Friday 10 December 2010

The end of the line for CLAS

One of the casualties of the government’s proposals on legal aid published last month will be the policy of establishing jointly funded advice services with local government. The last government, in conjunction with the Legal Services Commission (LSC), had aimed to establish dozens of such services, but since April 2007 only nine have got off the ground. Now called community legal advice services (CLAS), the recently opened one in Manchester has caused huge controversy as the two Law Centres in the city lost out to a bid led by the local Citizens Advice Bureau. As reported in previous blogs these Law Centres are now under threat of closure.

LAG has always been sceptical about the benefits of the CLAS policy in areas such as Manchester, which already had well established not-for-profit sector services and solicitors firms. The policy always looked like a case of change for change's sake with little to gain for the public. With the publication of the green paper on legal aid, the CLAS initiative now resembles the rearrangement of the deck chairs on the civil legal aid Titanic.

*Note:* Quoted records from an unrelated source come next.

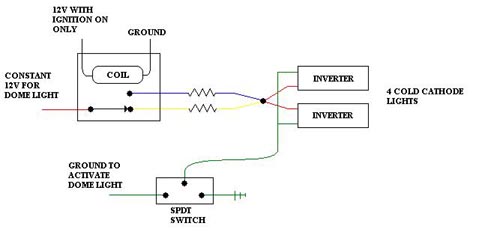 Wiring up CCL with SPDT switch - Last Post -- posted image.
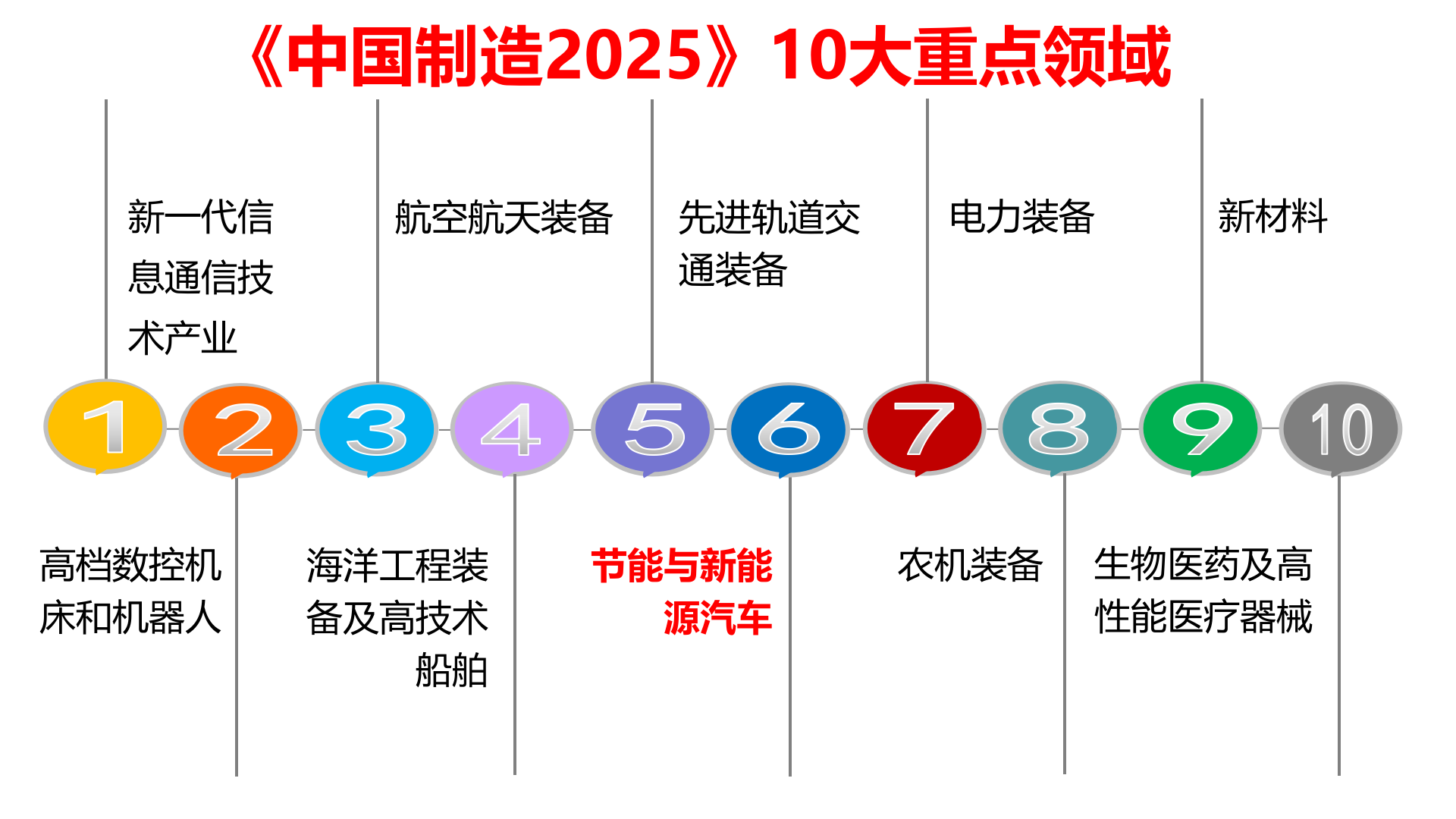 工业4.0与智能工厂规划 第3页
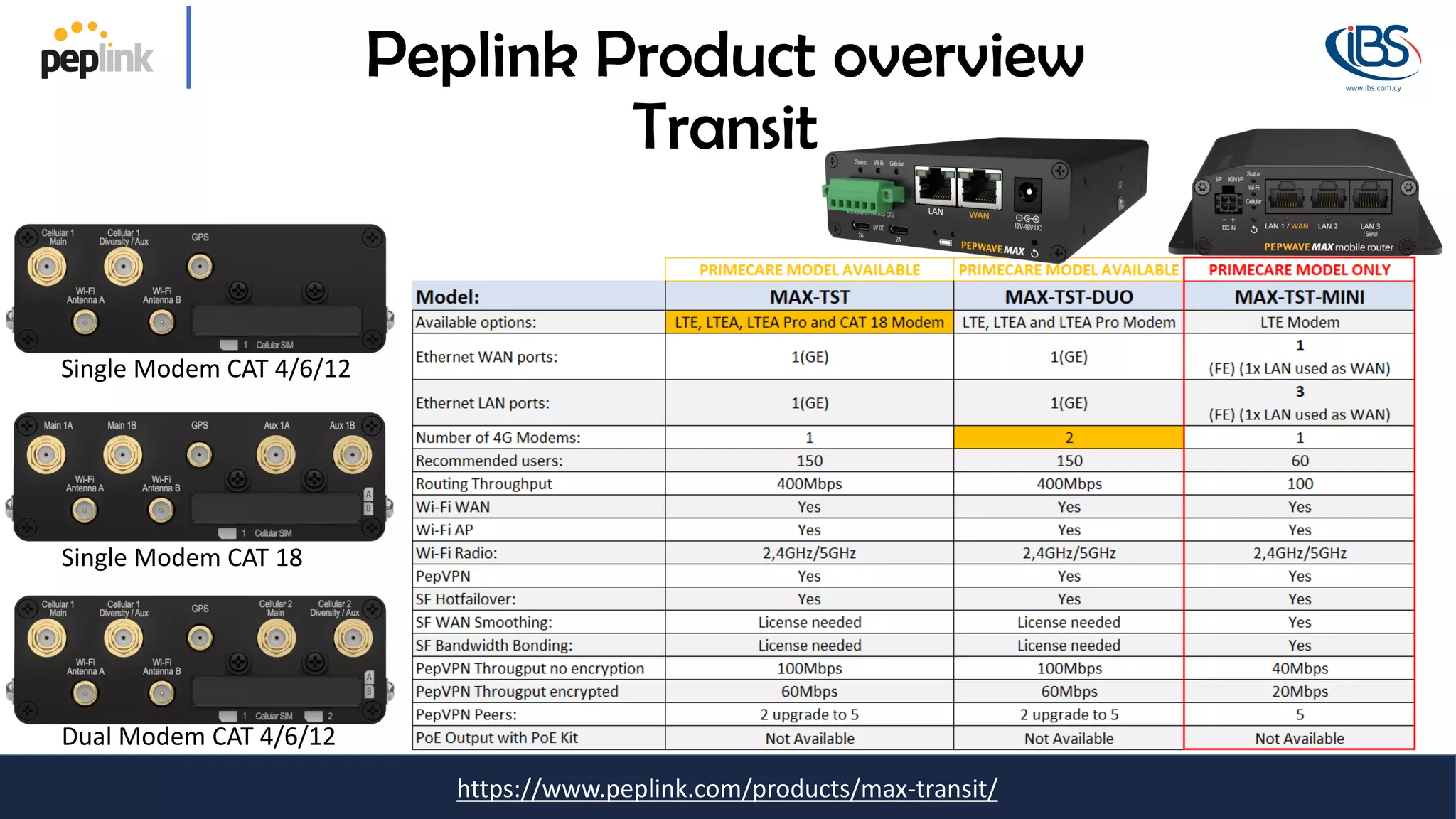 https://www.peplink.com/products/max-transit/
Peplink Product overview
Transit
Single Modem CAT 4/6/12
Single Modem CAT 18
Dual Modem CAT 4/6/12
 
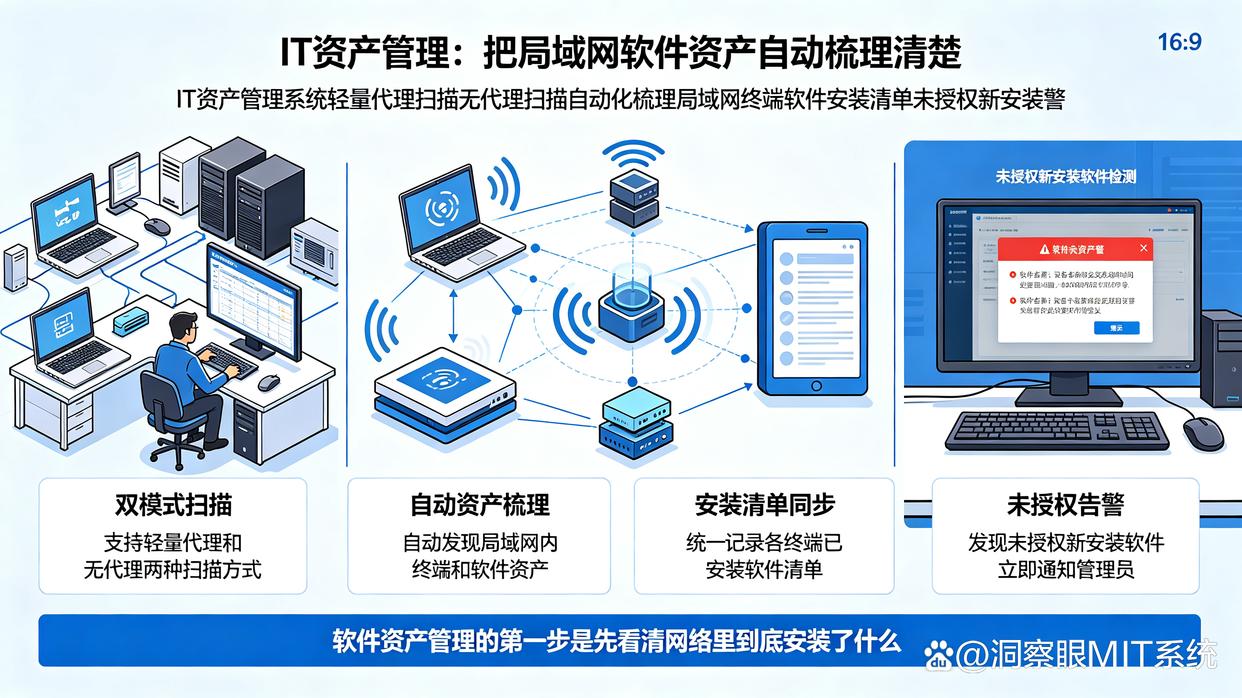 盗版软件检测工具怎么选？五个亲测实用的盗版软件检测工具推荐，码住(图8)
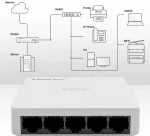 QOLTEC Network SWITCH 5xRJ45 port 100Mbps LAN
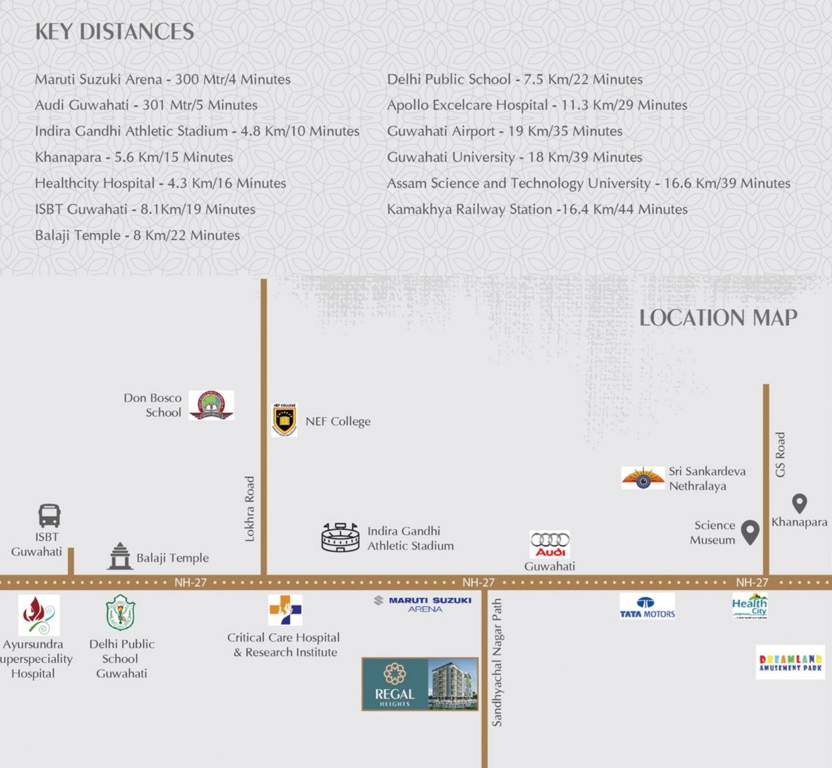  heights Location Plan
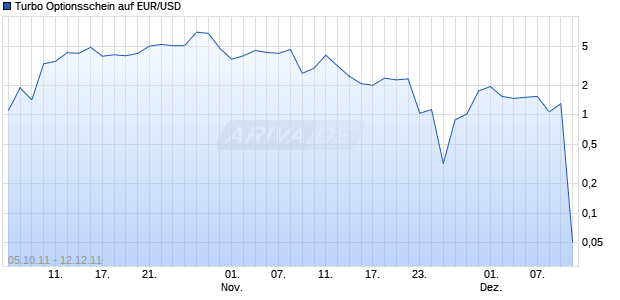 Turbo Optionsschein auf EUR/USD [HSBC Trinkaus & Burkhardt AG] Chart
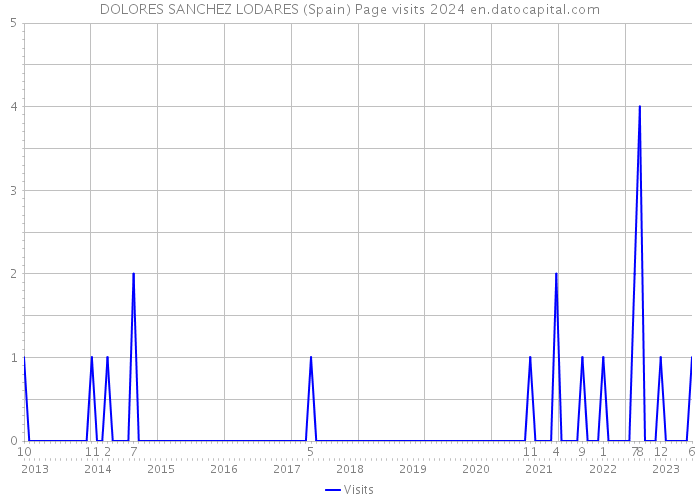 DOLORES SANCHEZ LODARES (Spain) Page visits 2024 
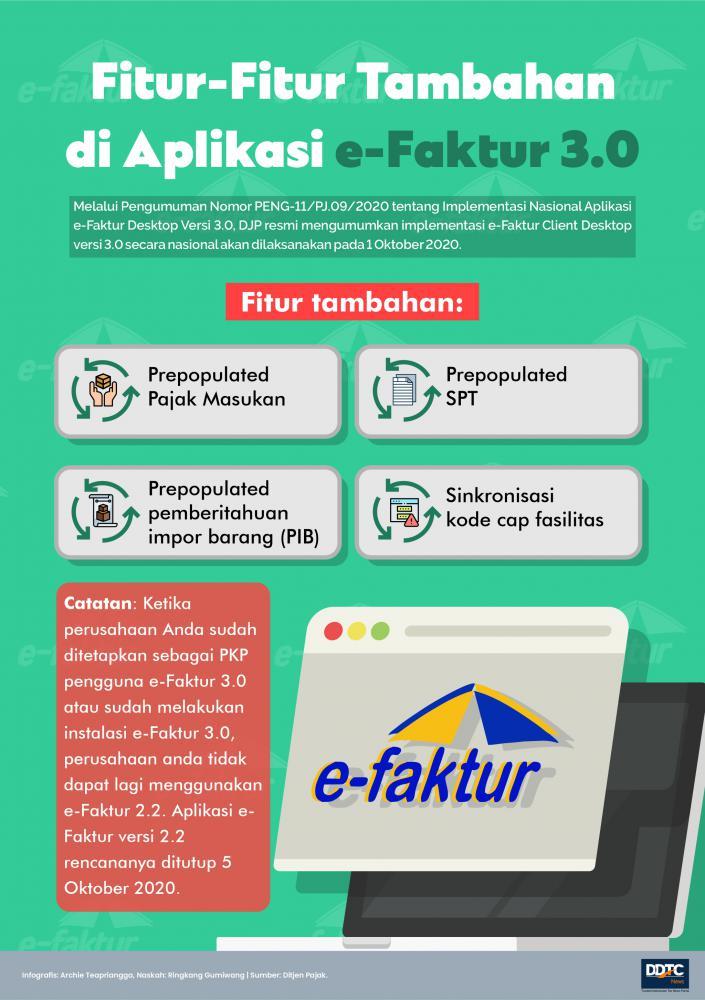 Fitur-Fitur Tambahan di Aplikasi e-Faktur 3.0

Large cuts in the scope of legal aid are planned to be introduced in October 2012. As a result, LAG understands that the government intends to pull the plug on those CLAS which have already been established. LAG believes those such as Leicester and Gateshead which have contracts due to run out before October 2012 should at least have their contracts extended to ensure they are in line with the rest of the country if the planned cuts in scope go ahead. Other CLAS, such as Manchester, which have contracts due to end after October 2012 present a different problem.

The government might choose to give notice to those CLAS with contracts set to end after the scope changes. This would lead to much bitterness among the local councils which entered the contracts with the LSC and government in good faith. The alternative would be to let the contracts run to their end date, which in the case of Manchester would be a full year after the planned withdrawal of legal aid for benefits, employment and other areas of civil law. Not much help to the Law Centres forced to close, but at least the residents of Manchester could console themselves with the thought, for a short while at least, that they would be receiving legal aid services which no-one else in the country was entitled to!